Le traumatisme est immense. Dans les années qui suivent, le pouvoir pombalin comprend que la sécurité maritime doit devenir une priorité nationale. En 1758, plusieurs textes organisent la reconstruction des phares détruits et instaurent un financement spécifique destiné à améliorer l’éclairage des côtes portugaises. Désormais, les phares doivent fonctionner toute l’année afin de sécuriser un trafic maritime devenu vital pour l’économie du royaume.
Les sentinelles techniques de l’Atlantique
Construire un phare n’a jamais consisté à ériger une simple tour face à la mer. Chaque édifice devait résister aux tempêtes, aux embruns, aux vibrations du vent et parfois aux mouvements constants des falaises atlantiques. Certains phares portugais furent conçus comme de véritables prouesses d’ingénierie.
À l’intérieur des lanternes, la technologie évolue rapidement entre le XIXe et le XXe siècle. Lentilles de Fresnel, réflecteurs, systèmes rotatifs et rythmes lumineux permettent progressivement aux navigateurs d’identifier précisément leur position. Chaque phare développe sa propre signature lumineuse grâce à des séquences d’éclats et d’occultations uniques.
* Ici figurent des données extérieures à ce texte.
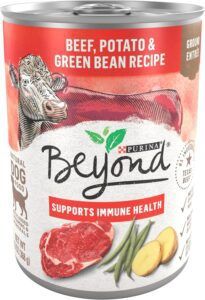 Purina Beyond Natural Grain-Free Beef Potato & Green Bean Recipe Ground Entree Wet Dog Food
Le Portugal accélère véritablement sa modernisation au début du XXe siècle. De nouveaux appareils sont installés, les combustibles deviennent plus performants et plusieurs portions du littoral encore obscures sont enfin équipées, notamment en Algarve et dans les Açores. En 1924, la création de la Direction des phares marque une étape décisive dans l’organisation nationale de l’aide à la navigation.
Le métier de gardien de phare devient alors un univers à part entière. Les familles vivaient souvent dans un isolement total, au rythme des tempêtes, des rotations d’entretien et des signaux lumineux. Certains phares, proches des grandes villes, restaient malgré tout coupés du monde par leur environnement naturel. L’historien Joaquim Boiça, lui-même issu d’une lignée de gardiens, décrit une existence faite de discipline technique mais aussi d’une relation intime avec l’océan.
Aujourd’hui, la plupart des phares portugais sont automatisés. Pourtant, leur force symbolique demeure intacte. Le phare du cap Saint-Vincent, celui d’Aveiro, le Bugio ou encore le cap de la Roca continuent d’incarner cette frontière mouvante entre la terre et l’Atlantique. Ils rappellent qu’avant d’être des paysages admirés, les côtes portugaises furent longtemps des espaces d’incertitude où la lumière représentait parfois la seule chance de survie.
À travers leurs faisceaux, leurs tempêtes et leurs histoires de naufrages, les phares portugais racontent une mémoire beaucoup plus vaste que celle de la navigation. Ils parlent d’un pays tourné vers l’océan, dépendant du commerce maritime, confronté aux catastrophes naturelles et obligé d’apprivoiser une côte parmi les plus exigeantes d’Europe. Dans le silence des falaises atlantiques, ces sentinelles continuent encore aujourd’hui de porter cette mémoire.